Леший рыкнул на них:
— Вот что значит, не видели вы горя людского!
— Извини, Леш, мы на самом деле это до конца не воспринимаем, все кажется — кино какое-то.
— Кино им… одна оплошность и все, как вон Игорек любит говорить, «Кина не будет!»
Одно у Вари получилось сразу — почерк этой бедняги Язвицкой.
Леший, умелец на все руки, слегка подмочил аусвайс в том месте, где стояли отпечатки, они стали немного смазанными, попробуй теперь определи, настоящие они или нет.
— Скажешь, под ливень попала, вот и промокло усё.
И ещё порадовало, что у Вари стрижка — он мастерски выстриг ей немного отросшие волосы клоками, «вроде как был тиф, а волосы плохо растут после него». Мужикам стрижка даже понравилась.
— А что, очень даже неплохо, против наших продвинутых, что на эстраде скачут, ты прям эксклюзив! — задумчиво заметил Сергей.
Варя училась завязывать серенький, старенький платок — вот, не было печали, никогда их не носила, все выходило криво. — Ну и ладно, может, я растрепа какая.
Настал день ухода, все нервничали, мужики по очереди крепко обняли её, перекрестили.
— Удачи, Варь! — за всех высказался Ищенко. — Если все пройдет гладко, через пару недель и я лудить- паять появлюсь.
Леший довел её какими-то тайными тропками до опушки леса. Постоял, чего-то выжидая и, заметив вдалеке три движущиеся точки, кивнул:
— Ну все, иди Варя потихоньку. Не забудь, что я тебе говорил.

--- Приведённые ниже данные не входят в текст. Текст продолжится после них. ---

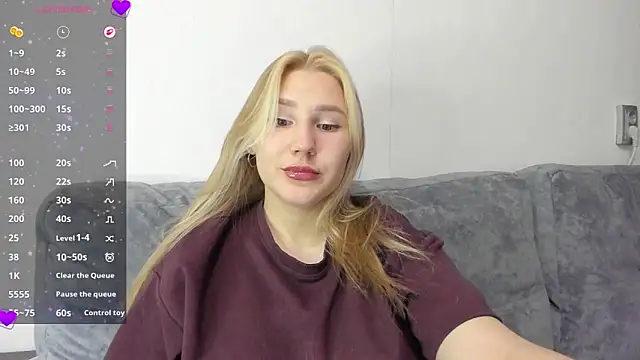 Snapshot of And1sa chatting on 01.11.26 And1sa online show from 01.11.26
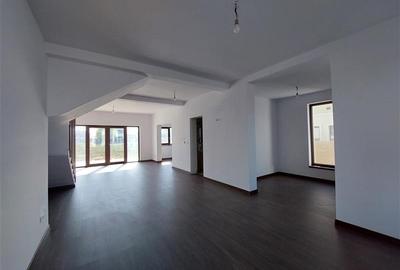 Duplex cu 4 camere cu Canalizare în Vladimirescu - 2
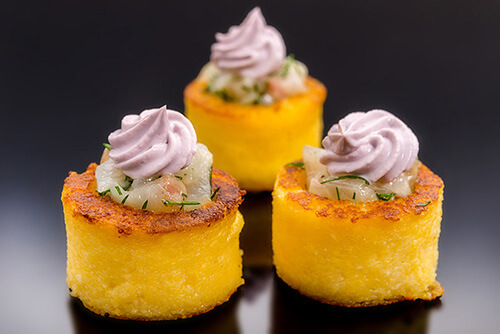 Tartare de bar mariné et polenta poêlée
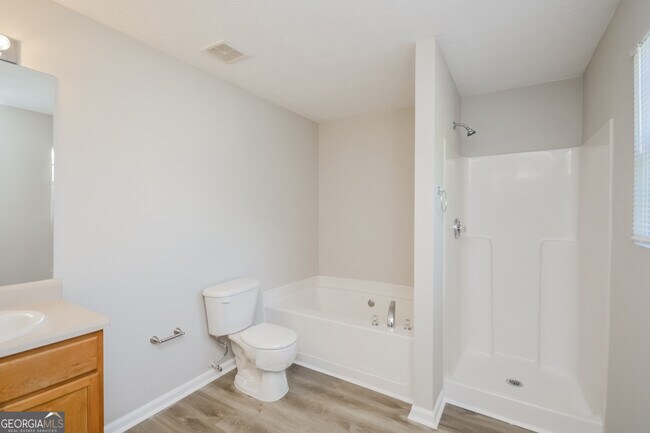 Building Photo - 85 Creek Bottom Dr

С Богом!
Вот и шла Варя по полевой дороге, периодически поправляя сбивавшийся на голове непривычный платок, точки росли, и вскоре стало заметно, что идут две бабенки и мелкая замурзанная, худенькая девчушка.
Варя, приостановилась, дождалась их, поздоровкалась и спросила, далеко ли до Раднево.
— Так сёдня до яго точно не дОйдешь, шчас пока проверють докУменты, пока пропустють, время-то к вечору, ай у Бярезовке только и останешься, — ответила с любопытством глядя на Варю, более шустрая из бабенок.
— А ты, бабонька, откуль будешь-та? — Спросила другая, более молчаливая. — Иду я уже полгода, в дороге вот свалилась с тифом, потом, пока в себя пришла, а так ох и издалече, от самой границы топаю.
— Я и гляжу, не наша ты, гаворишь не як мы.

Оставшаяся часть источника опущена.